### Instructions to follow
Beginning with the line that contains "Jem Finally Woken CD", output each line below exactly through the last one, both included, and nothing else.

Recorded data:
***

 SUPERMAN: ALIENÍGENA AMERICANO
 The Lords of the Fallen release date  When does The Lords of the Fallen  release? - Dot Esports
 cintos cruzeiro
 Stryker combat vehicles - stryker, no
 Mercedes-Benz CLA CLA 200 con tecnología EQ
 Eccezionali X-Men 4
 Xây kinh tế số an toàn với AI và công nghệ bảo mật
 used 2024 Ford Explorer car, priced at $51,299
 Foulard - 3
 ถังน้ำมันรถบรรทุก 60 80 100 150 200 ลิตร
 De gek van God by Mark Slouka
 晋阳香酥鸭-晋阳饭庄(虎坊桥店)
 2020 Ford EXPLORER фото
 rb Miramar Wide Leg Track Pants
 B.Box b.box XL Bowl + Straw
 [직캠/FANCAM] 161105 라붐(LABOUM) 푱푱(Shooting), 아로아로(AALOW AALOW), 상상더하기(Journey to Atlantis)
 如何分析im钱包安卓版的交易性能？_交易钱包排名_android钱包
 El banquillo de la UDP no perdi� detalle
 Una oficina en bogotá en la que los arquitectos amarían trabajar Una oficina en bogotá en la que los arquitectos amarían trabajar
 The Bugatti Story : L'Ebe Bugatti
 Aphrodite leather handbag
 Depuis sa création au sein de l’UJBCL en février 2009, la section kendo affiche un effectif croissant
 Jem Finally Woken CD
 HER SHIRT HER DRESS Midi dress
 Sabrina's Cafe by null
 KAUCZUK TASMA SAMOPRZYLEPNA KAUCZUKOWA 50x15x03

***

### Reply to the exercise
 Jem Finally Woken CD
 HER SHIRT HER DRESS Midi dress
 Sabrina's Cafe by null
 KAUCZUK TASMA SAMOPRZYLEPNA KAUCZUKOWA 50x15x03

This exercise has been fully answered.